[EXERCISE]
In the entries below, find the line with "Appartamento Bright *" and the line with "So wirst du"; copy them and every line between them exactly, but not the pictures.
- - - - -
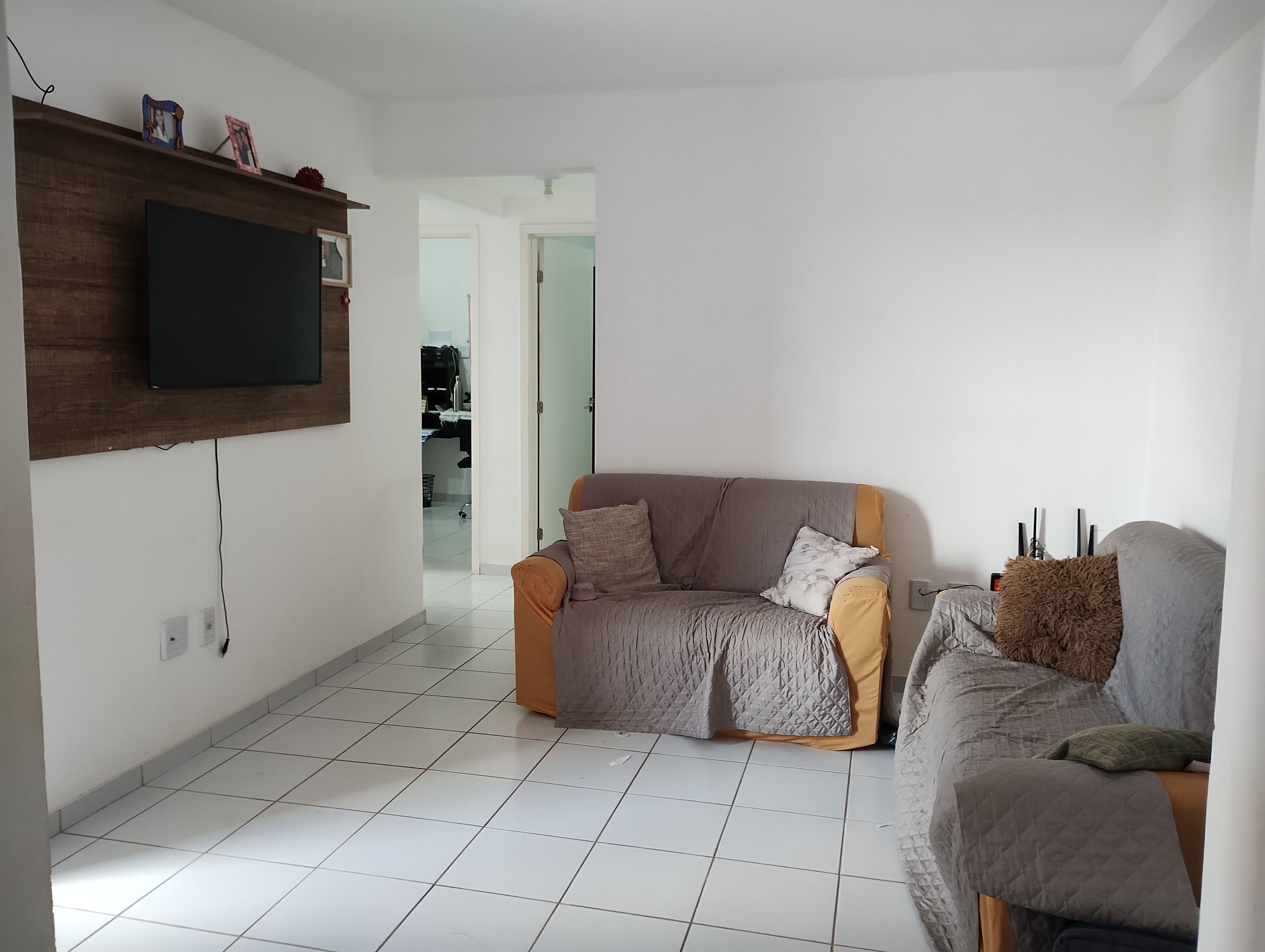 Apartamento à venda e aluguel com 3 quartos, 65m² - Foto 5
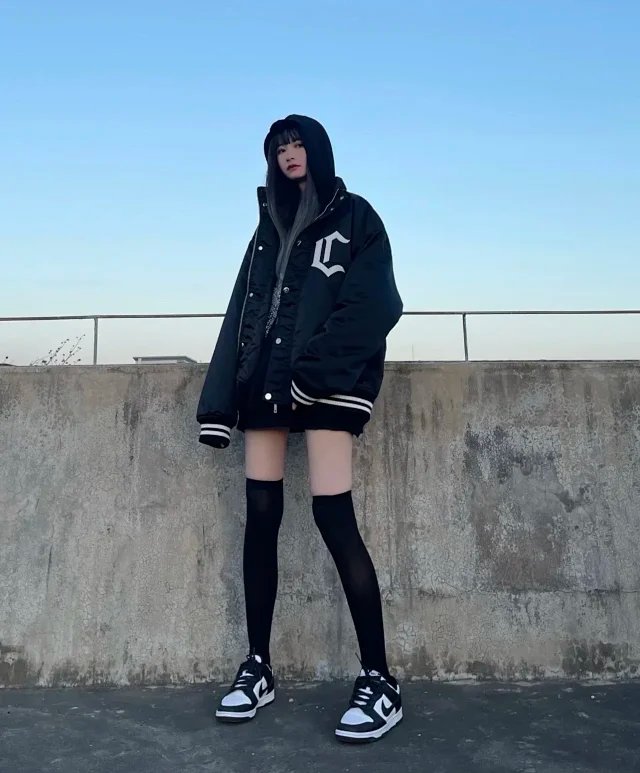 【頂級純原】過驗級 支持鑑定 Nike Dunk Low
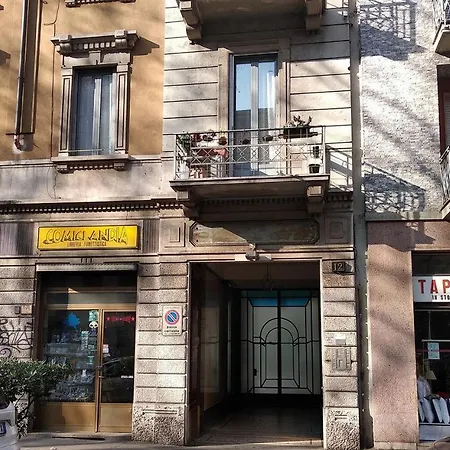 Appartamento Bright *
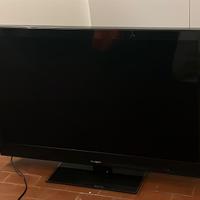 TV LCD SHARP AQUOS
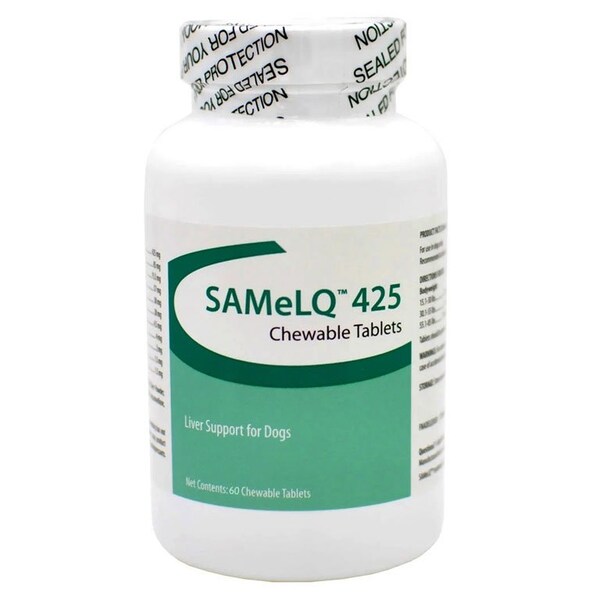 Samelq 425mg, Chew Tablets, 60PK 62914 - main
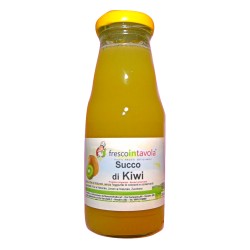 Succo di Kiwi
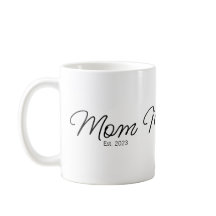Presente de Mãe Estabelecida Novo Ano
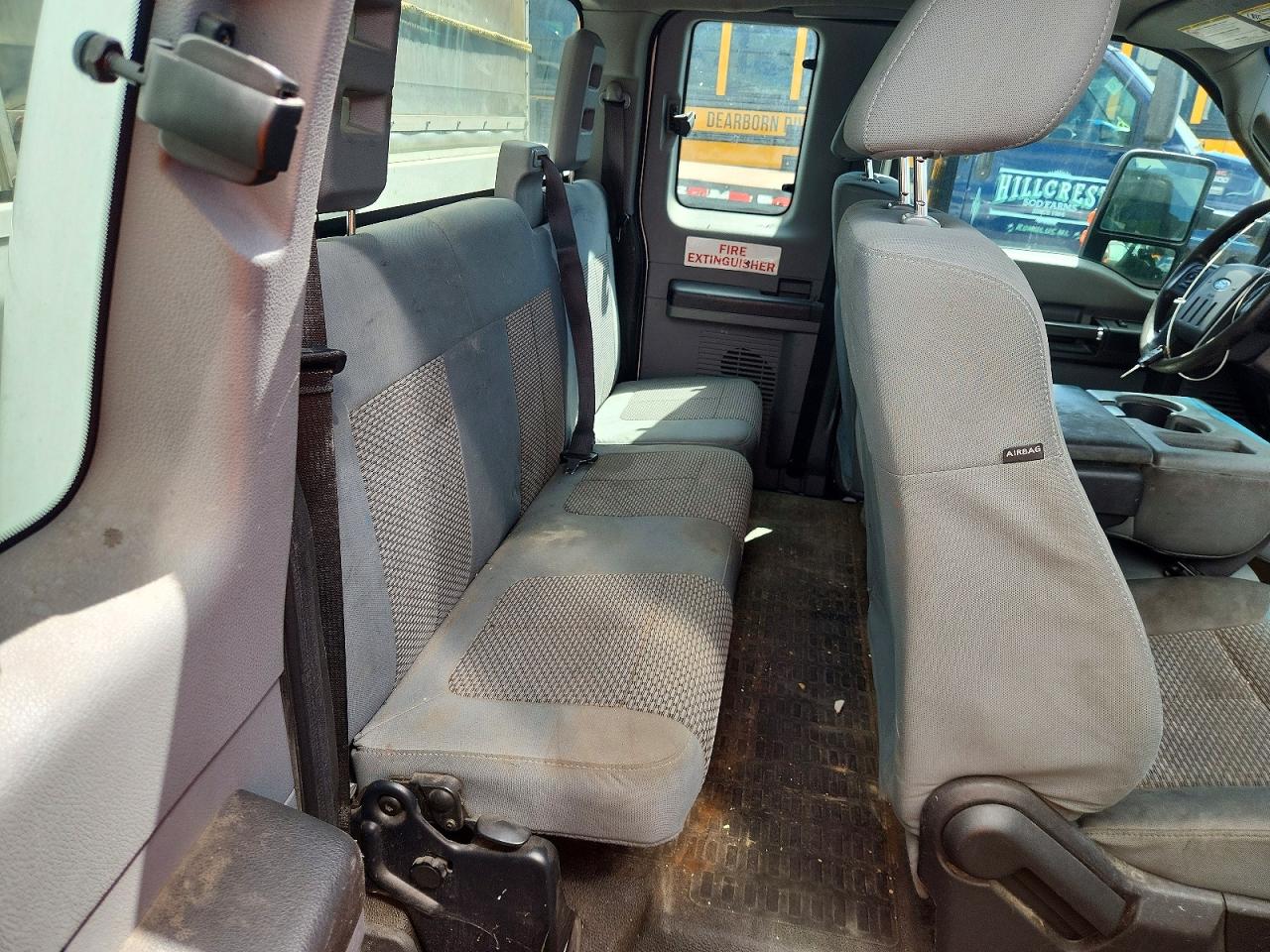 Ford F-350 Super Duty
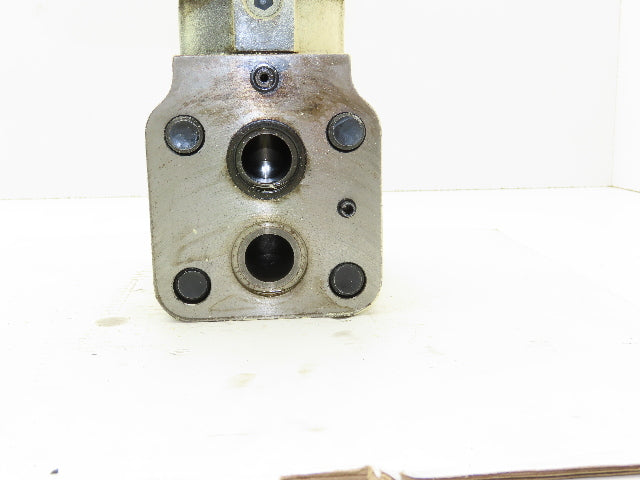 Vickers TCG50-06-F-P7-H-12-SH-S38 Directional Solenoid Control Relief Valve 24V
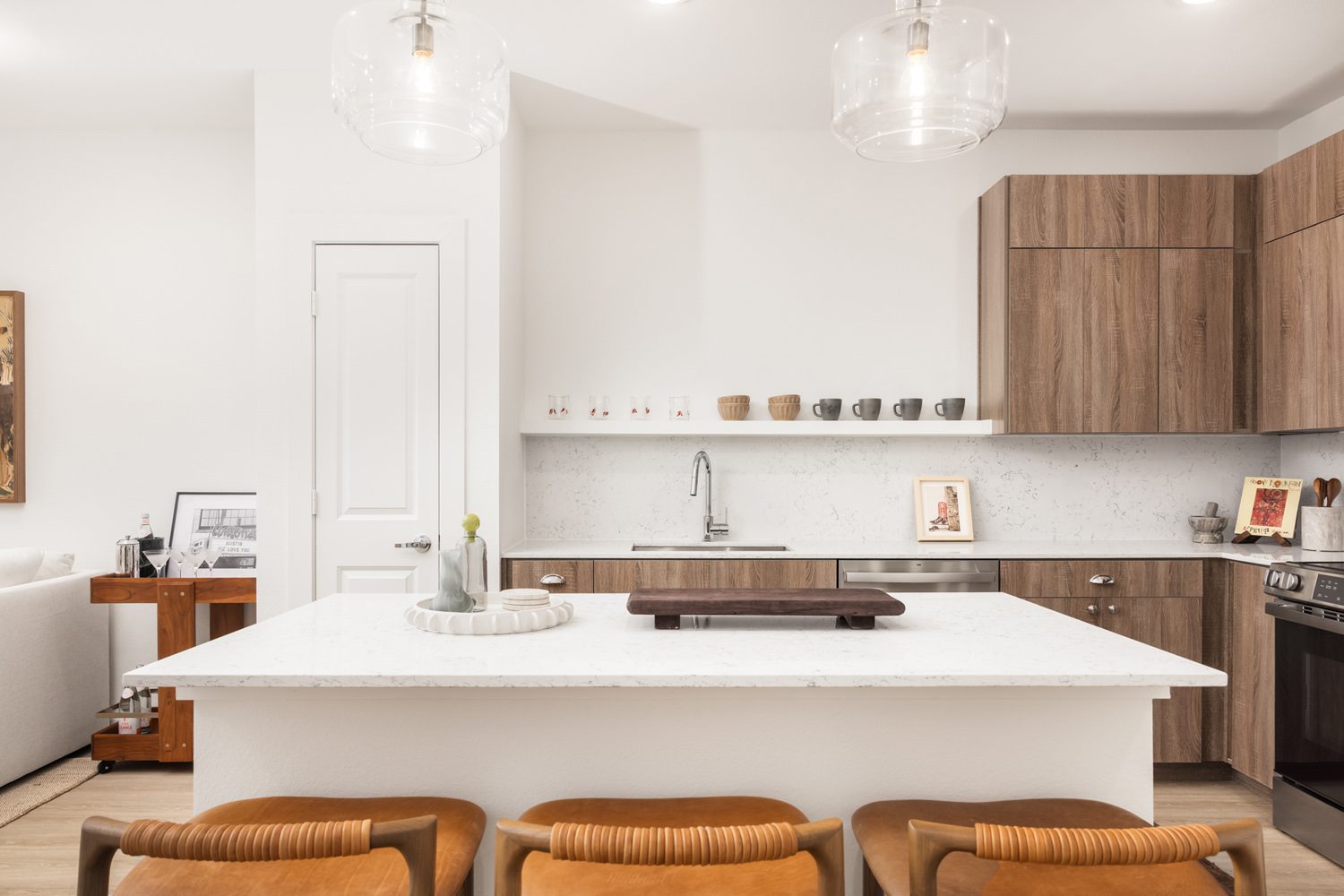 Market Square Architects Greystar Sonora Gallery 7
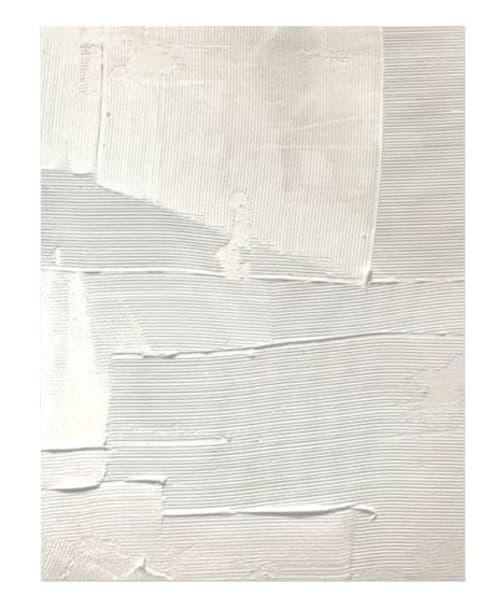 Alyssa Hamilton Art Canvas Print Unframed image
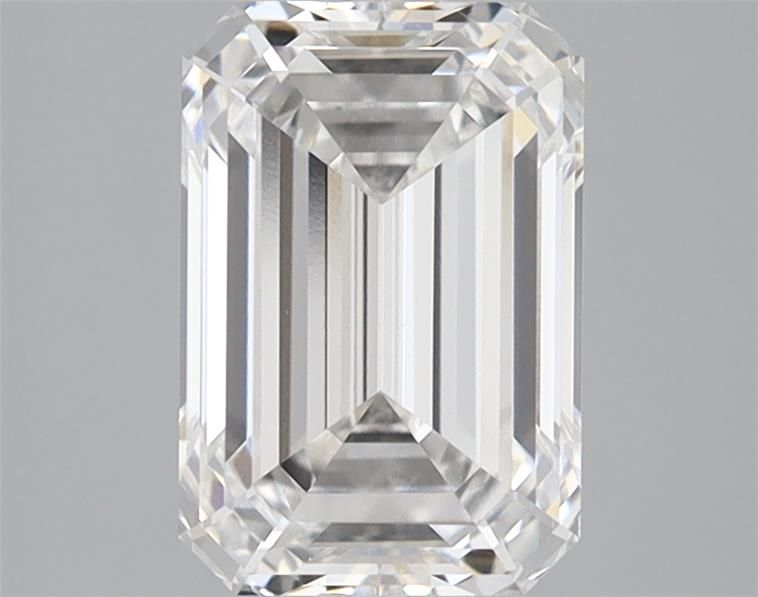 Diament 2.04 ct E/VVS2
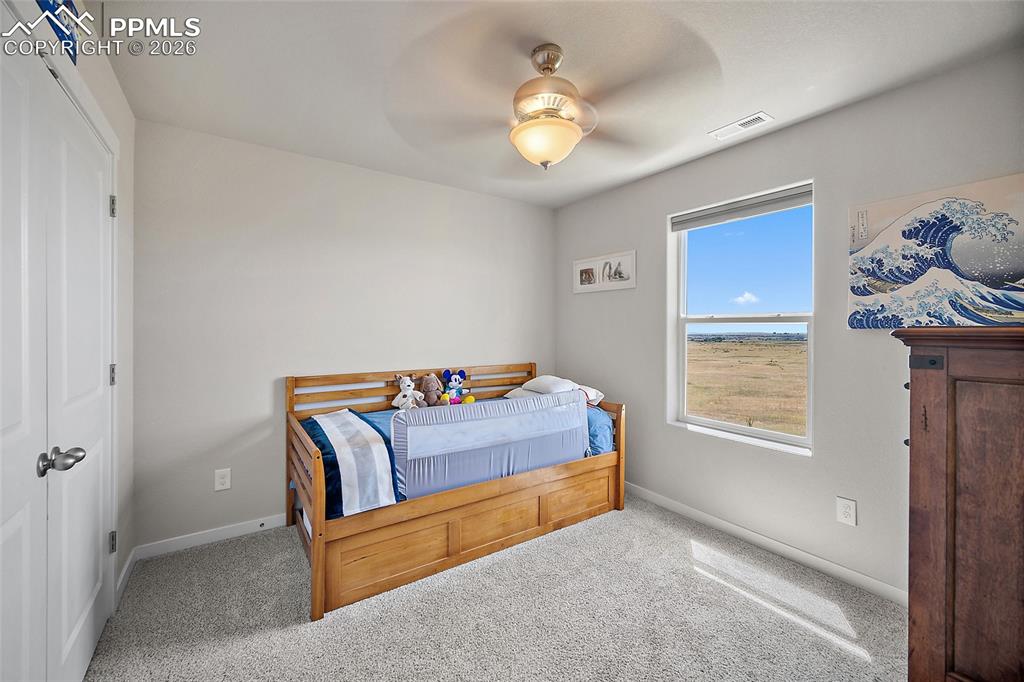 7961 Buffalo Horn Drive Colorado Springs CO 80925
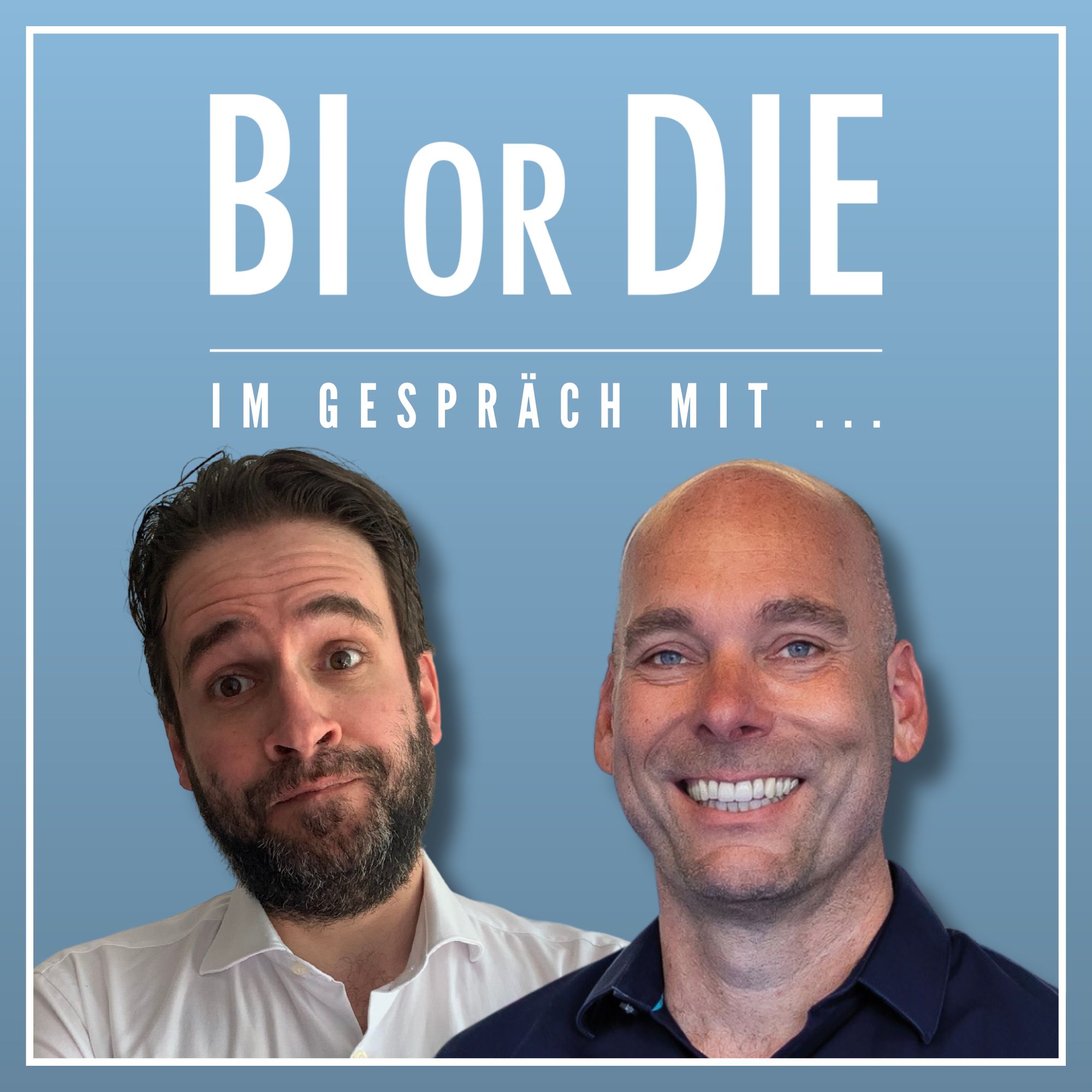 So wirst du Unternehmer | Im Gespräch mit Thomas Strehlow, ORAYLIS episode artwork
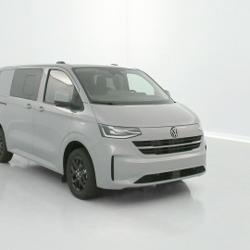 Volkswagen Transporter TRANSPORTER PROCAB T7 L1H1 2.0 TDI 170ch Business BVA8 Beaucouz&eacute;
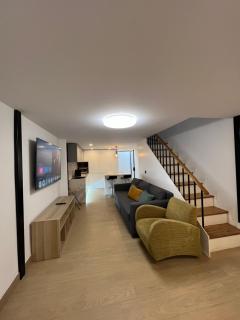 Serena Boutique Duplex - 7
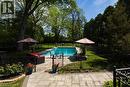 1165 Garden Road, Mississauga, ON  - Outdoor With Facade 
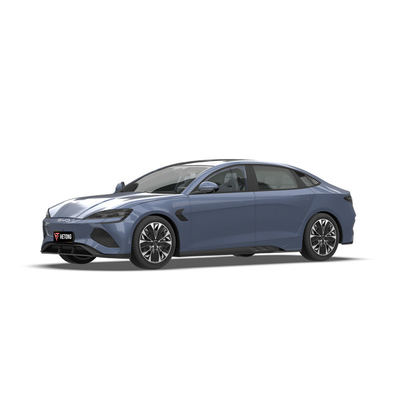 Energie BYD SEAL EV Vierwielaandrijving Elektrische auto voor Lithium Iron Phosphate Battery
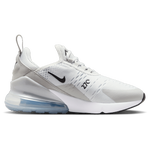 Pure Platinum-Light Smoke Grey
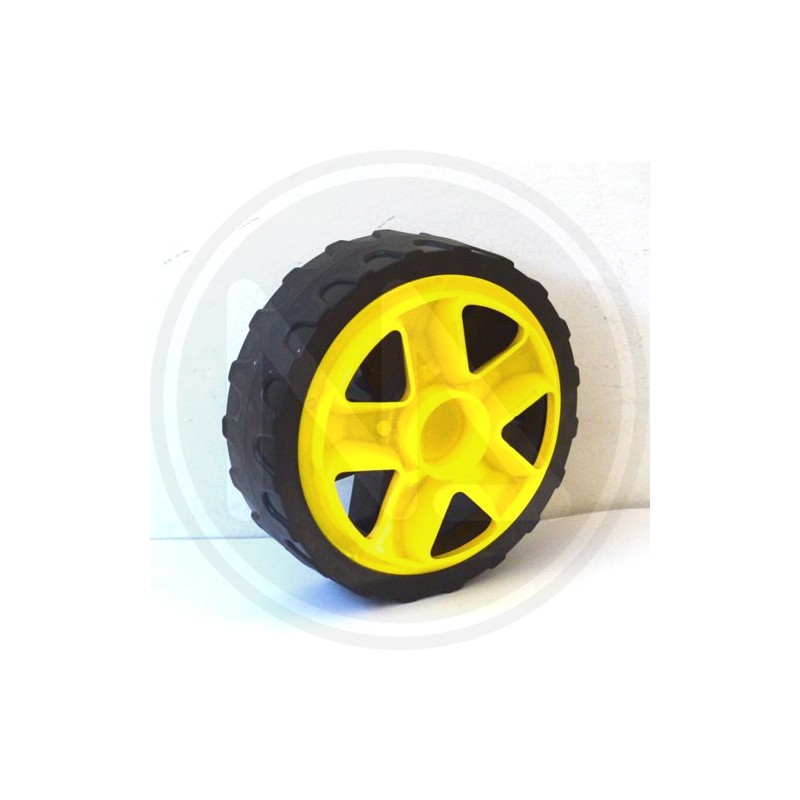 LAWN MOWERS PART (52076) PAPILLON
- - - - -
[TASK RESULT]
 Appartamento Bright *
 TV LCD SHARP AQUOS
 Samelq 425mg, Chew Tablets, 60PK 62914 - main
 Succo di Kiwi
Presente de Mãe Estabelecida Novo Ano
 Ford F-350 Super Duty
 Vickers TCG50-06-F-P7-H-12-SH-S38 Directional Solenoid Control Relief Valve 24V
 Market Square Architects Greystar Sonora Gallery 7
 Alyssa Hamilton Art Canvas Print Unframed image
 Diament 2.04 ct E/VVS2
 7961 Buffalo Horn Drive Colorado Springs CO 80925
 So wirst du Unternehmer | Im Gespräch mit Thomas Strehlow, ORAYLIS episode artwork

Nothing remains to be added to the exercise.